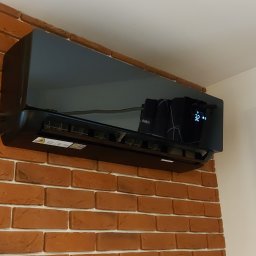 SMART INSTAL MARIUSZ KUBASIEWICZ - Czarny klimatyzator zamontowany na ścianie z cegły dekoracyjnej, widoczne detale: wyświetlacz z temperaturą 32 stopnie, naklejki ostrzegawcze i fragment zasłony z geometrycznym wzorem.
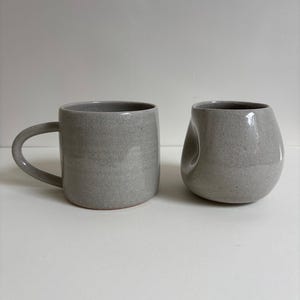 May include: Two ceramic mugs with a speckled light gray finish. The mug on the left features a standard cylindrical shape with a curved handle, while the mug on the right has a rounded, asymmetrical body with a distinct indentation on one side.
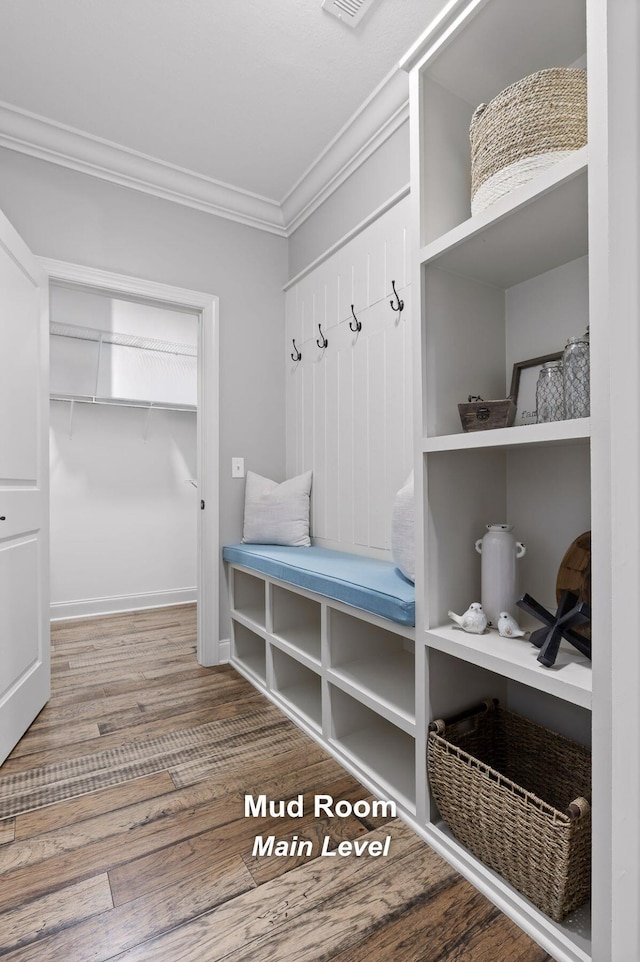 mudroom with ornamental molding and hardwood / wood-style floors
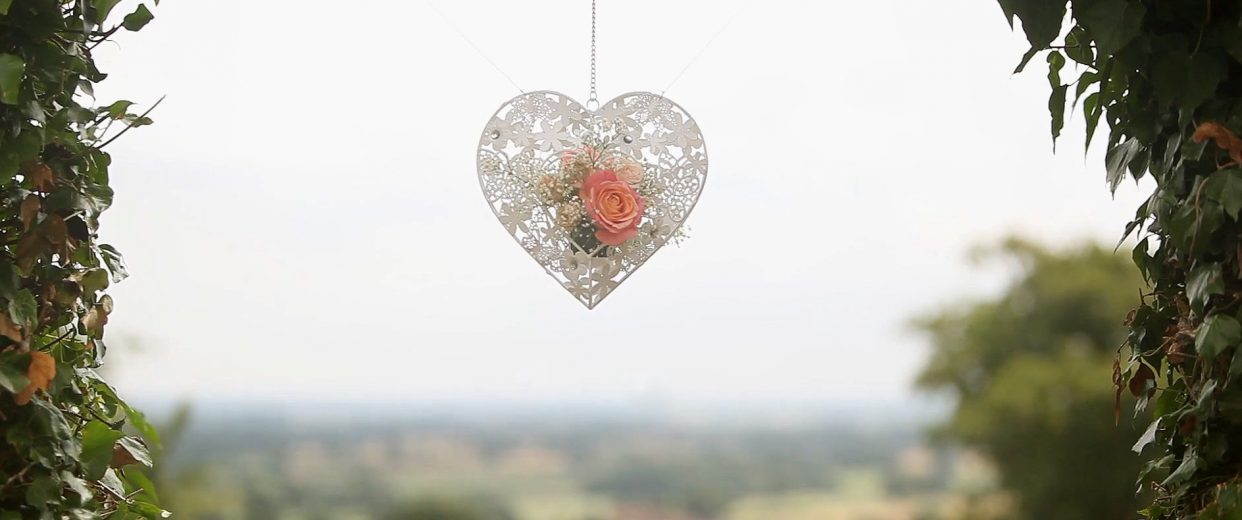 Heart-shaped floral ornament hanging outdoors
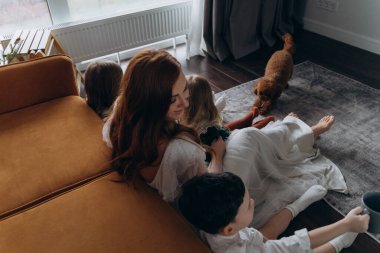 Oğlu ve küçük tatlı kızlarıyla birlikte beyaz bohem elbiseler giymiş güzel kızıl saçlı kadın kanepedeki evlerinde köpekleriyle vakit geçiriyorlar.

________________________

TASK DIRECTIONS. The listing above must be repeated exactly. Its pictures are not part of the copy.

FINISHED EXERCISE.
 SMART INSTAL MARIUSZ KUBASIEWICZ - Czarny klimatyzator zamontowany na ścianie z cegły dekoracyjnej, widoczne detale: wyświetlacz z temperaturą 32 stopnie, naklejki ostrzegawcze i fragment zasłony z geometrycznym wzorem.
 May include: Two ceramic mugs with a speckled light gray finish. The mug on the left features a standard cylindrical shape with a curved handle, while the mug on the right has a rounded, asymmetrical body with a distinct indentation on one side.
 mudroom with ornamental molding and hardwood / wood-style floors
 Heart-shaped floral ornament hanging outdoors
 Oğlu ve küçük tatlı kızlarıyla birlikte beyaz bohem elbiseler giymiş güzel kızıl saçlı kadın kanepedeki evlerinde köpekleriyle vakit geçiriyorlar.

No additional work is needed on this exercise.